Measures require clear information, which should not be too difficult to acquire. Clear responsibilities for obtaining and holding data must be assigned and the logistics system must be designed in such a way as to enable data to be created. Measures should reflect the strategy of the logistics organization, and the goals of the programme. Some examples of measures are given below.

  • reliability of delivery (items delivered against items committed to be delivered);
  • inventory accuracy (number of errors in records as a percentage of total);
  • vehicle utilization (number of full loads as a percentage of total loads);
  • logistics cost (as a percentage of total value of program materials (PGMs) handled by logistics); and
  • quality of delivery (loads with loss/damage as a percentage of total loads delivered).

Different measures target activities that have been assigned the most importance by both logistics and programme sections. If cost is the overriding factor due to budget cuts, focus on cost. If quality of delivery has become the biggest issue, focus on quality measures. Be prepared to review your measure annually, and to readjust them to focus on the changing strategic priorities of the programme.

End user monitoring

Aiming to improve programme/supply planning for the next distribution cycle by providing feedback on quality, efficiency and impact of supply component of programmes. This is done by doing the following:

  • assess quality, effectiveness and appropriateness of supplies;
  • assess timeliness of delivery;
  • assess whether and how supplies are being used;
  • assess durability and suitability of the supplies;
  • determine the impact of a product on their users;
  • determine whether an input should continue, be amended or stopped; and
  • check logistics chain (breaks, lead time).

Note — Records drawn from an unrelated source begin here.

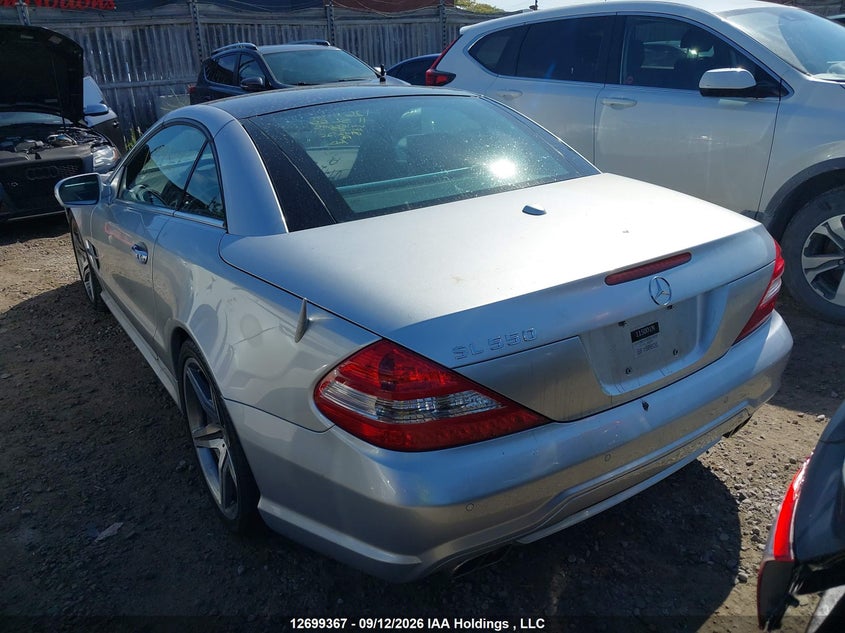 Vin: wdbsk7ba6bf166605, lot: 3104616, mercedes-benz sl 550 20113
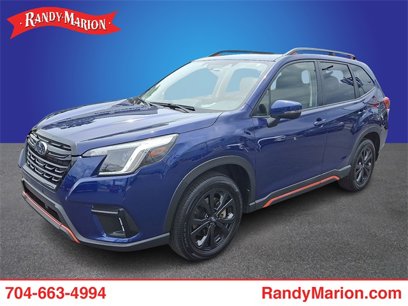 Certified 2024 Subaru Forester Sport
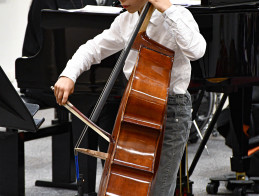 Clarinet &amp; Double Bass Audition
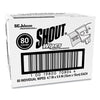 Shout® Wipe & Go Instant Stain Remover, 4.7 x 5.9, 80 Packets/Carton Towels & Wipes-Cleaner/Detergent Wet Wipe - Office Ready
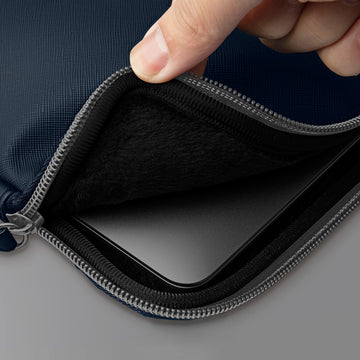 PRESTIGE Protective Sleeve for 16-inch Laptop - Indigo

Most of these activities are programme follow-up responsibilities. However, logistics staff can assist in providing up-to-date distribution information, and submitting relevant performance measures (such as reporting supplies easily damaged during transit). Carefully ascertaining product suitability and the impact on the product users requires choosing a number of strategic products and then making investigations within the beneficiary community, while ensuring that a wide sample coverage is used. It is a good idea to focus on products that have a high value, are appearing in markets on a regular basis, or are new products (or new suppliers providing a similar product). These evaluations should be designed and executed with programme sections, but can be initiated and driven by supply/logistics staff.